O problema não é aceitarmos a inevitabilidade desta verdade, mas saber até que ponto é mais útil não saber nada do que se passa fora dos limites daquilo que não controlamos.
Olhando para a cobertura mediática da noite eleitoral, apercebemo-nos das narrativas que as televisões vão construindo. Da expectativa anterior às primeiras sondagens à boca da urna, prevendo um resultado num determinado sentido, até aos resultados definitivos, um longo caminho foi percorrido. Os comentadores, analistas, comendadores de serviço, debitaram quilómetros de opiniões, especulações, num festivo bombardeamento dos sentidos. Cada nova informação contribuía para que o espectador se afastasse mais da realidade. Dos erros das sondagens à surpresa da derrota, tudo parece ter sido preparado para que um grande espectáculo fosse assistido pelo maior número possível de pessoas. As marcas de uma obra de ficção estão à vista de todos: o suspense do fecho das urnas, os primeiros resultados, a expectativa sobre uma sondagem para as legislativas, os numerosos directos das sedes dos partidos com jornalistas ampliando os minutos de espera dos derrotados em marcação cerrada e mantendo a emissão numa euforia expectante enquanto os vencedores não entram. O mistério - políticos que abandonam as sedes partidárias -; o melodrama - políticos que choram no enfrentar das adversidades; a comédia - juventudes partidárias em encenadas celebrações; os diversos climaxes - o discurso de vitória, dedos no ar e punhos em riste, as pausas para que o público se manifeste. Indícios de um grande espectáculo, do outro lado do ecrã, para uma audiência de milhões. As narrativas que daqui saem mostram as sedes dos partidos vencedores cheias e eufóricas e as salas vazias dos vencidos depois do esvaziar da festa.

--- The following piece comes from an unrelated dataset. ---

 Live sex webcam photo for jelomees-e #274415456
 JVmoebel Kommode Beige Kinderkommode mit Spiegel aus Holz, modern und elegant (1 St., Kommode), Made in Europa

Depois de tudo ter terminado, resta aos jornalistas mais uma previsão, o preparar do terreno para a próxima perfomance do grande circo da política. Análises balofas, adivinhações, truques de ilusionismo que escondem derrotas, sobrevalorizações de resultados esperando mais vitórias.
E nós, do lado de cá do espelho, o que poderemos fazer para além de aceitar a realidade que nos oferecem?